Copy out and return the lines from the one holding "In migliaia a" to the end of the listing below, both included, omitting the pictures.

RECORDS FOR THE EXERCISE:

※ ※ ※

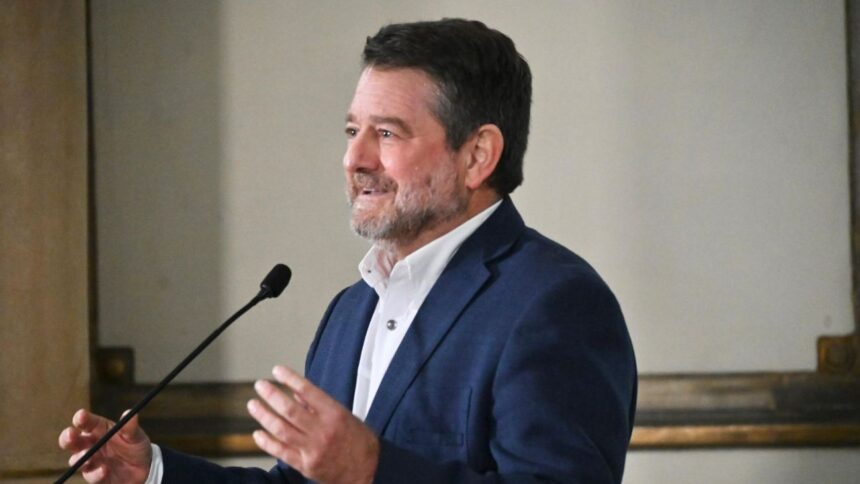 Claudio Orrego enfrenta solicitud de destitución por presunta contratación directa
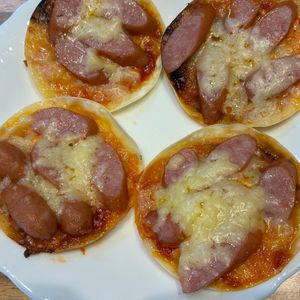 くだもの大好き🧡の作ってみた!投稿(お手軽！餃子の皮ピザ)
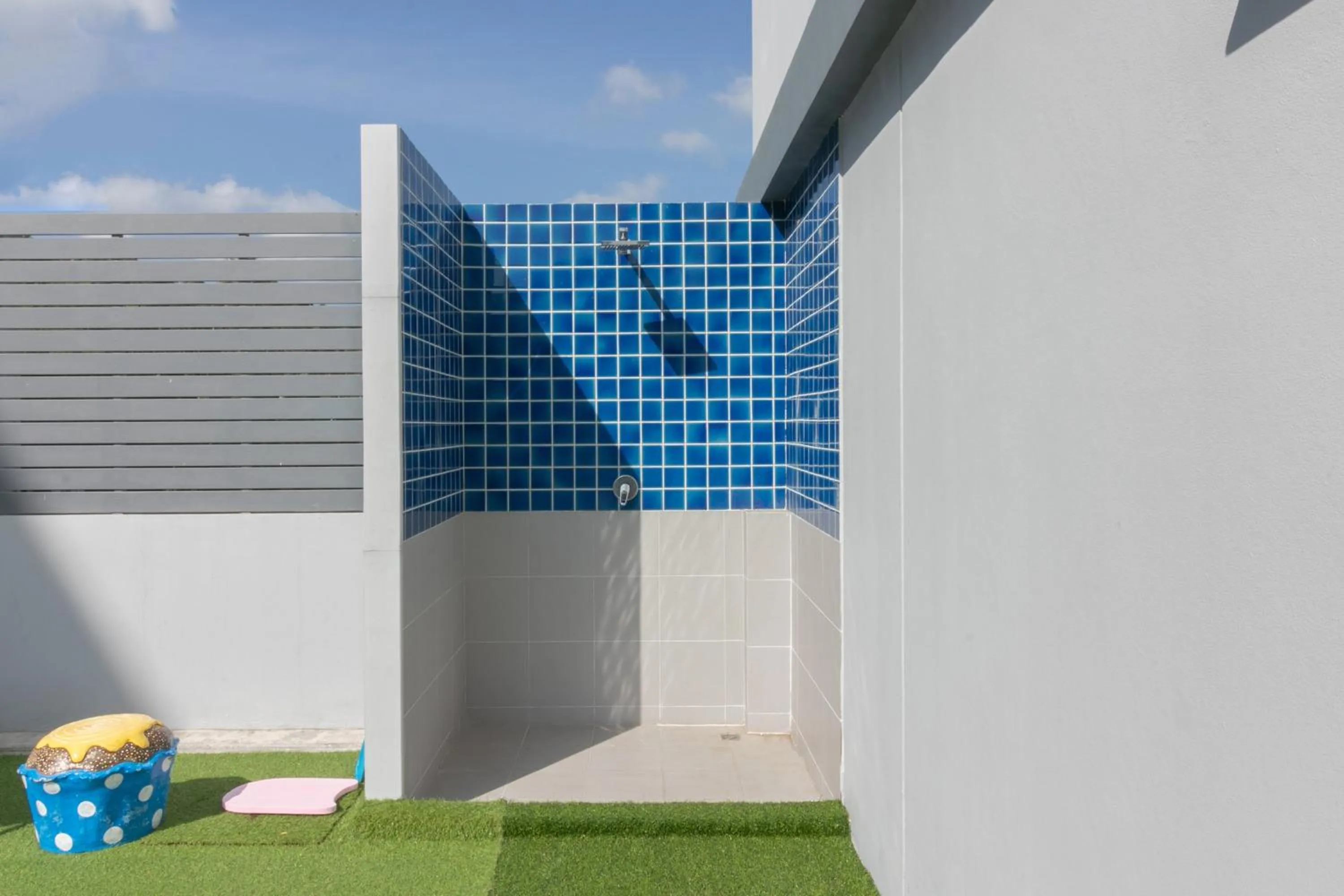 Shower in Carpio Hotel Phuket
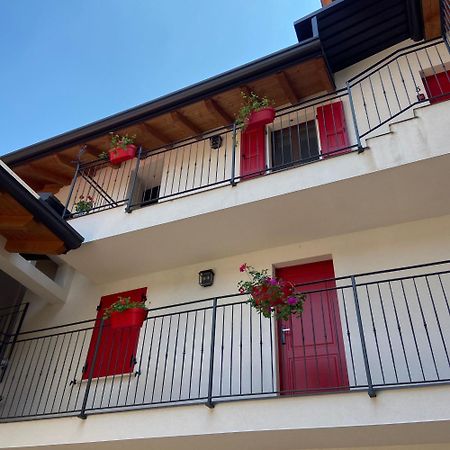 La Volpe Rossa Rooms And Apartments San Felice del Benaco Dış mekan fotoğraf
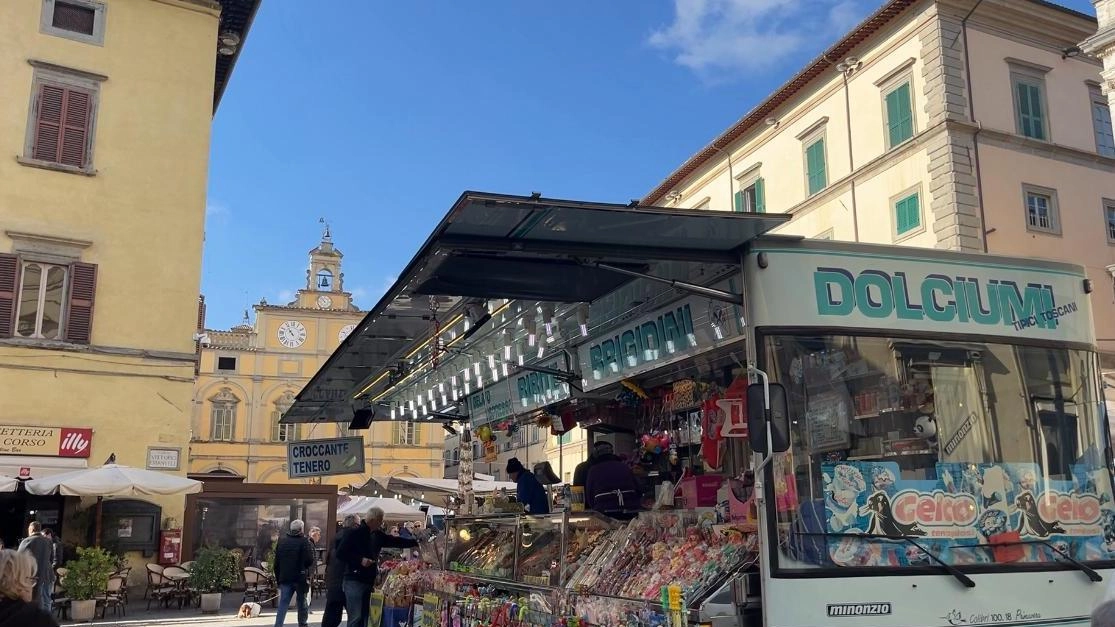 In migliaia a spasso tra Fiere e Retrò. La ricca domenica del centro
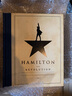現貨 漢密爾頓 大革命 幕后設定集 臺詞本 英文原版 Hamilton: The Revolution 百老匯音樂(lè )劇 幕后花絮 精做毛邊 曬單實(shí)拍圖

※ ※ ※

ANSWER:
 In migliaia a spasso tra Fiere e Retrò. La ricca domenica del centro
現貨 漢密爾頓 大革命 幕后設定集 臺詞本 英文原版 Hamilton: The Revolution 百老匯音樂(lè )劇 幕后花絮 精做毛邊 曬單實(shí)拍圖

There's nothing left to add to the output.